*** Opening Data for this task ***
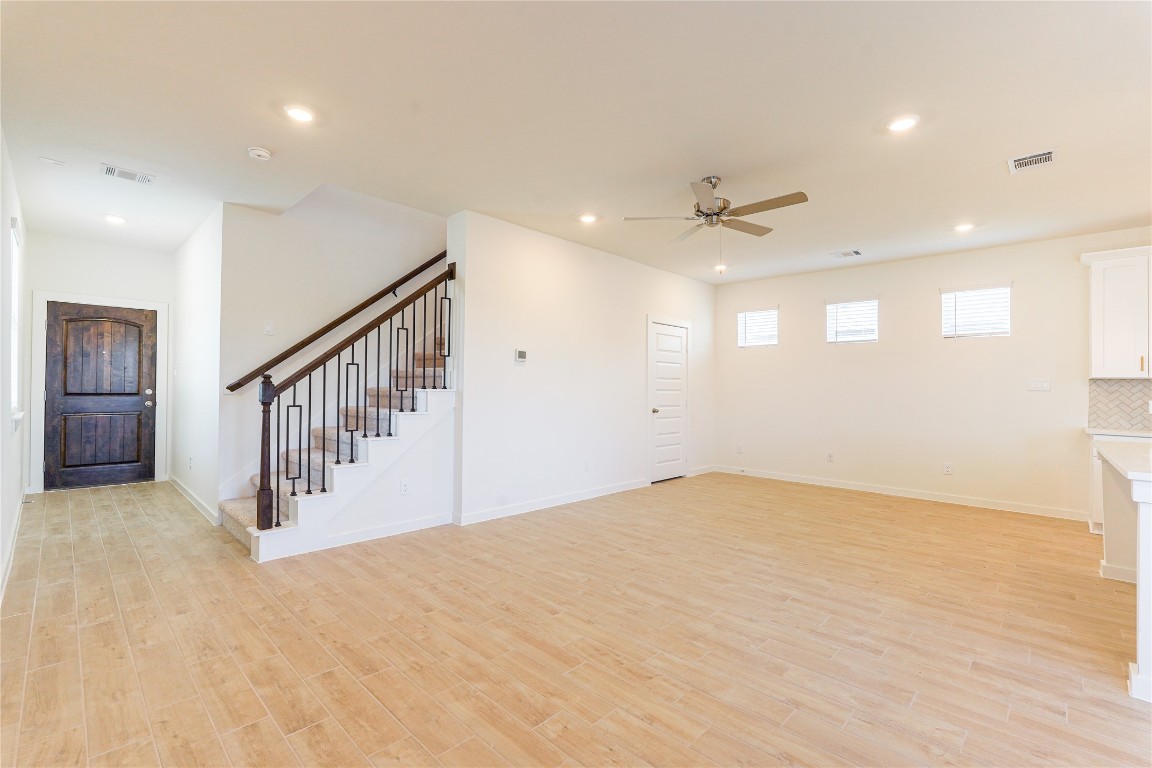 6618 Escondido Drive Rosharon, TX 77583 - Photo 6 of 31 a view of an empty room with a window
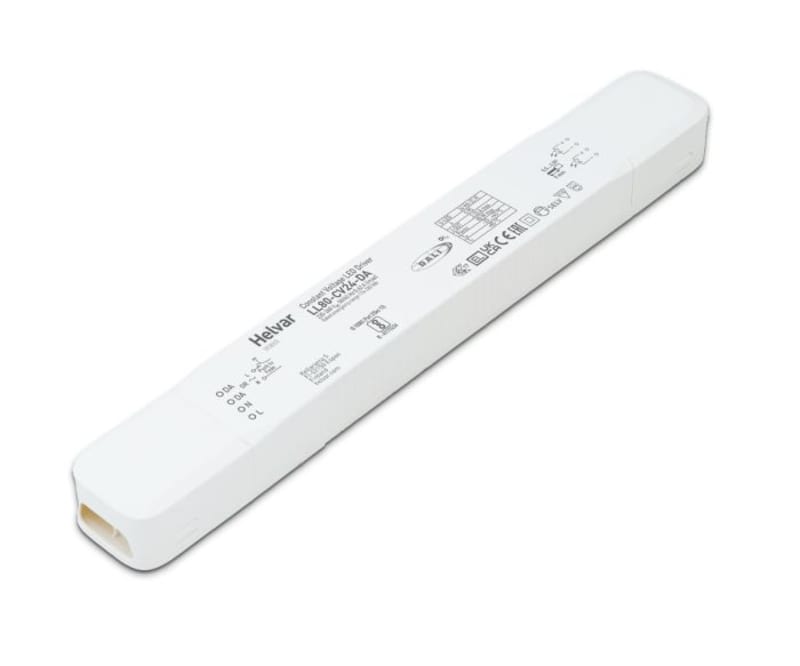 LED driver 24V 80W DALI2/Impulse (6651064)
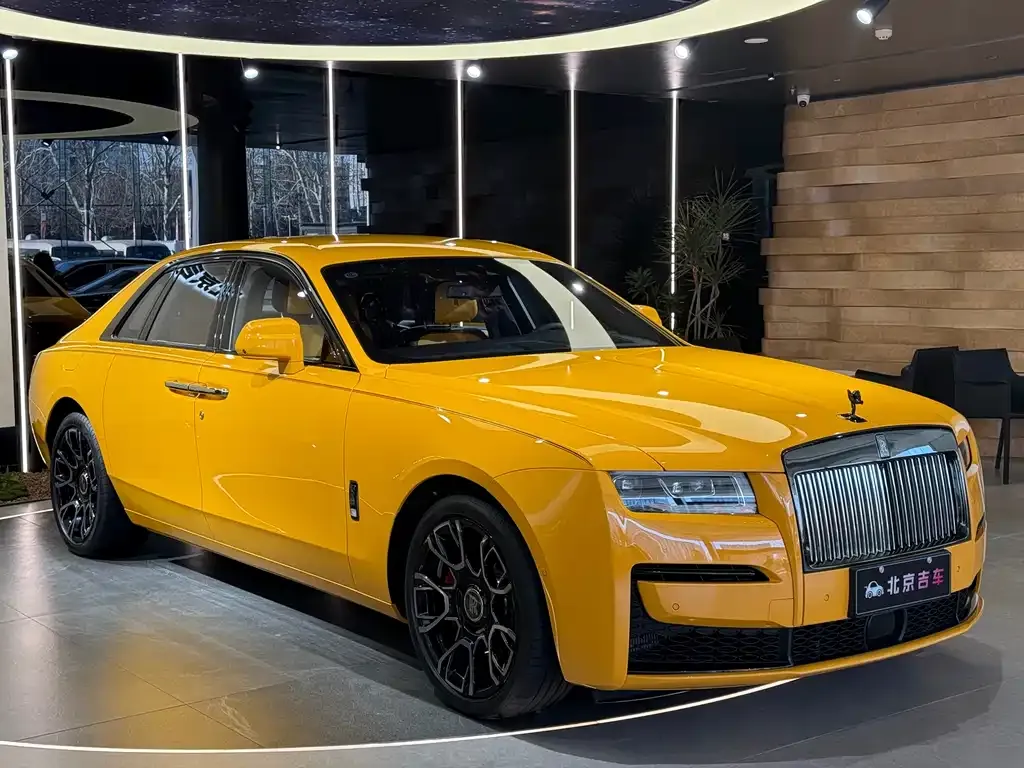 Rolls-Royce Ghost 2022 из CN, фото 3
*** Closing Data for this task ***
*** Opening Data for this task ***
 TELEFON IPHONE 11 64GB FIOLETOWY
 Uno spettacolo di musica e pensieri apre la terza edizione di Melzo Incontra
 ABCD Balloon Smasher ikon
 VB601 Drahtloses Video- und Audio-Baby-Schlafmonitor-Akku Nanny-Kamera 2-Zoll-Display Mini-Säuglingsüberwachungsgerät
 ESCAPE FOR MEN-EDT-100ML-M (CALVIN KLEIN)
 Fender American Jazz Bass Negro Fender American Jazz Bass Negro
*** Closing Data for this task ***
**Exercise brief**
Leaving every picture aside, reproduce exactly the lines above from the one with "6618 Escondido Drive" up to and including the one with "Rolls-Royce Ghost 2022 из CN, фото 3", and no others.

**Exercise result**
 6618 Escondido Drive Rosharon, TX 77583 - Photo 6 of 31 a view of an empty room with a window
 LED driver 24V 80W DALI2/Impulse (6651064)
 Rolls-Royce Ghost 2022 из CN, фото 3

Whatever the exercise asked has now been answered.